> Material supplied
_ _ _ _ _ _ _
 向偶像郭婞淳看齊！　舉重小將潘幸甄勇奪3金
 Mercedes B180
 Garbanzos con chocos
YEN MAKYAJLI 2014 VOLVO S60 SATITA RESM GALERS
_ _ _ _ _ _ _
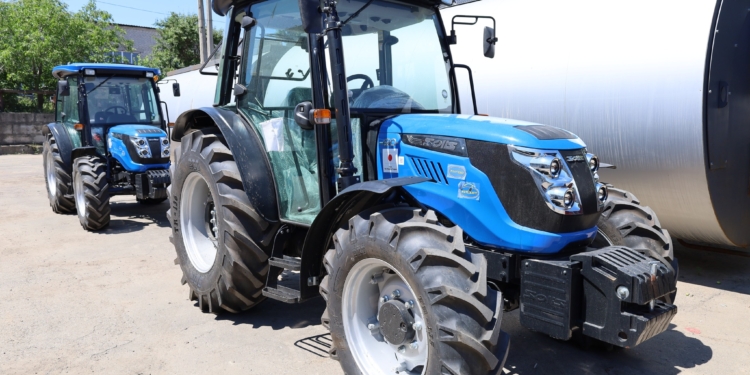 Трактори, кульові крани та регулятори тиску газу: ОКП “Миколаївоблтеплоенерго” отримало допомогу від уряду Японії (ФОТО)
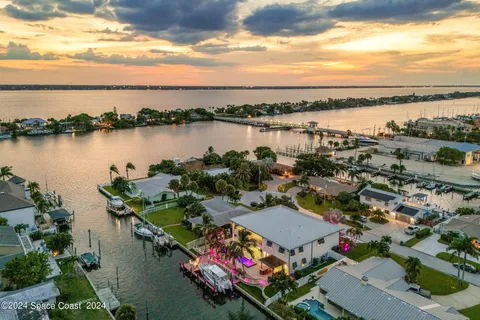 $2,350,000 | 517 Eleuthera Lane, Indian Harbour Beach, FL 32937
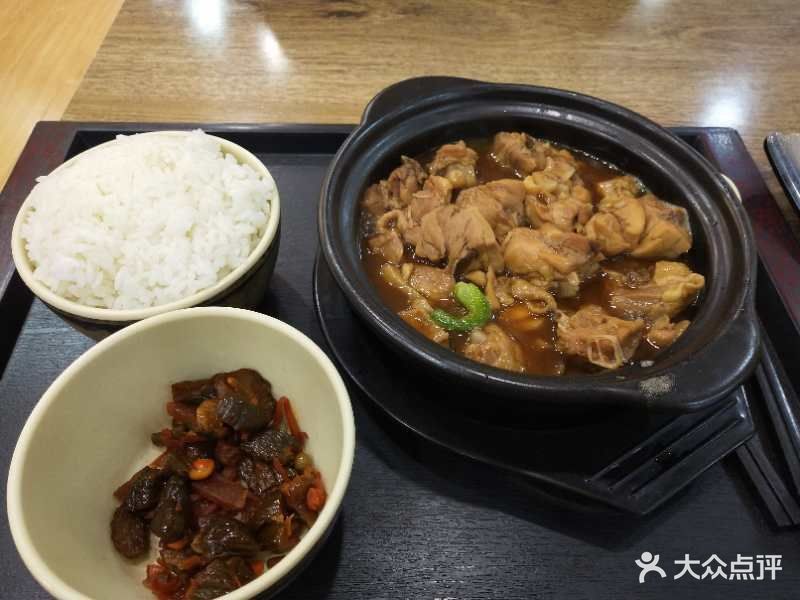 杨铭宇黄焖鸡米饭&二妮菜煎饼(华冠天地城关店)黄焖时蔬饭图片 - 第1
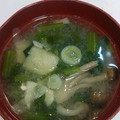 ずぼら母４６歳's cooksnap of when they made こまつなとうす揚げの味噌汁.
_ _ _ _ _ _ _
> Your assignment
Respond with the exact lines above running from the one containing "Beach, FL 32937" to the one containing "ずぼら母４６歳's cooksnap of", both ends kept and no pictures included.

> Answer section
 $2,350,000 | 517 Eleuthera Lane, Indian Harbour Beach, FL 32937
 杨铭宇黄焖鸡米饭&二妮菜煎饼(华冠天地城关店)黄焖时蔬饭图片 - 第1
 ずぼら母４６歳's cooksnap of when they made こまつなとうす揚げの味噌汁.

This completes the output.